Posted Jul 9, 2009 19:40 UTC (Thu) by yokem_55 (subscriber, #10498) [Link]

Gentoo, while it is rare for a stable or even unstable update to completely hose a system, a couple of years ago they pushed through an upgrade to expat which bumped the .so version number, which in turn hosed everything depending on expat. On top of this, the usual tool for fixing missing libraries (revdep-rebuild) had some nasty weaknesses that made fixing one's system decidedly non-trivial. I personally had no idea what expat was or how much of a system depended on it (nearly everything that ran in X to start). There are still people running into this as the support thread for the issue in the Gentoo forums shows.

Preling but not gdm

Posted Jul 12, 2009 7:56 UTC (Sun) by dirtyepic (guest, #30178) [Link]

> The real solution is shown by Gentoo: package is added to the system in
> "masked" state. It's possible to use it - but you need to specifically
> ask for it. Once enough "success stories" are obtained the mask is
> removed and all "unstable" users are upgraded.

We do? ;) There are only a couple situations I can think of where a new package/version would be added to the tree in a masked state:

- you know it's going to break things and you need guin- er, testers to smoke out the worst of the bugs (eg. gcc-4.4)
- you have a large number of packages with interdependencies between each other that need to all be made available at the same time (eg. gnome)

...unless by masking you're actually referring to keywording (~arch / arch). Then yes, packages need to be in ~arch (unstable) a minimum of one month before they can be stabilized. We don't need success stories, just a lack of bug reports. Stabilization is done by dedicated arch-tester teams, so you will always have at least one other set of eyes on a package before it hits stable.

IMO Gentoo generally manages to keep the unstable tree in working order and usable enough for everyday work. I think this can be attributed in part to the fact that we don't do releases and therefore don't have that period of churn that conventional distros do where everything is getting updated at once. Basically, we don't have a development cycle; we're always in development.

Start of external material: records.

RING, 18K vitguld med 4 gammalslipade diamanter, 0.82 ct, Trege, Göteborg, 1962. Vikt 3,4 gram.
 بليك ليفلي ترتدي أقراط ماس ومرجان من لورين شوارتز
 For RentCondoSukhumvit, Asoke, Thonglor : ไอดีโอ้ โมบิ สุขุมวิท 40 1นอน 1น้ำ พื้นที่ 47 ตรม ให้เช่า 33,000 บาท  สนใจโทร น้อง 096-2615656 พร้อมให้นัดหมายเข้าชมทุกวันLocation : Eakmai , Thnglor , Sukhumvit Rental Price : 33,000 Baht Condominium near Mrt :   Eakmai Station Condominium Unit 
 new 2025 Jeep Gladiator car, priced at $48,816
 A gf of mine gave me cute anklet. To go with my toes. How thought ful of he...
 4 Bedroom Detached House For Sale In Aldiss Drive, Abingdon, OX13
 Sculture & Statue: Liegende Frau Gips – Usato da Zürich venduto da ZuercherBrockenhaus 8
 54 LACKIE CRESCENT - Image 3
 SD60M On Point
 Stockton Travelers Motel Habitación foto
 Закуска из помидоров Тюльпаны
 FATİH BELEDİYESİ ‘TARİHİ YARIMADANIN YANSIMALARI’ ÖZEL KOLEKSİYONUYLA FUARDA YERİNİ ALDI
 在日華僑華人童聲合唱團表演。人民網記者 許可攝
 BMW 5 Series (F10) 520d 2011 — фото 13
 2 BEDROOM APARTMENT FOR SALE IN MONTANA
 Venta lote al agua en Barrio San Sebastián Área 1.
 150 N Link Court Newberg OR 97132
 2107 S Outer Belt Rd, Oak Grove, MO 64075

Why people don't test development distributions

Posted Jul 7, 2009 0:33 UTC (Tue) by nirik (subscriber, #71) [Link]

The prelink issue only would have been picked up if it was installed and the regular nightly
cron job was run... granted a automated test could have run that manually, but it's not normal
right after an update.

Why people don't test development distributions

Posted Jul 7, 2009 8:30 UTC (Tue) by lmb (subscriber, #39048) [Link]

One could, with reasonable strength of argument, come to the conclusion that software that cannot be automatically tested well is badly designed.

(The counter argument that there are some things that are extremely difficult to test - like usability - does not diminish the assessment that very few software packages get anywhere close an acceptable test coverage.)

Why people don't test development distributions

Posted Jul 7, 2009 12:48 UTC (Tue) by MathFox (guest, #6104) [Link]

It would help a lot if the infrastructural packages came with self-tests that are routinely run before a new version is shipped. (Yes, writing tests takes time; catching the bugs timely saves a lot of time.) For a lot of software it is not-economical to write a 100% coverage automatic test (games!) or the hardware is not available. However that should not stop you from testing the 80-90% that can be tested.

Why people don't test development distributions

Posted Jul 7, 2009 19:32 UTC (Tue) by Max.Hyre (subscriber, #1054) [Link]

It makes a big difference to actually enforce testability. You get your nose rubbed in how much better things work.

In one wonderful (in the sense of getting to follow all those ``best practices'' you read about in books) job, we had automated testing, and were required to build in test points. Which were then evaluated in the code reviews.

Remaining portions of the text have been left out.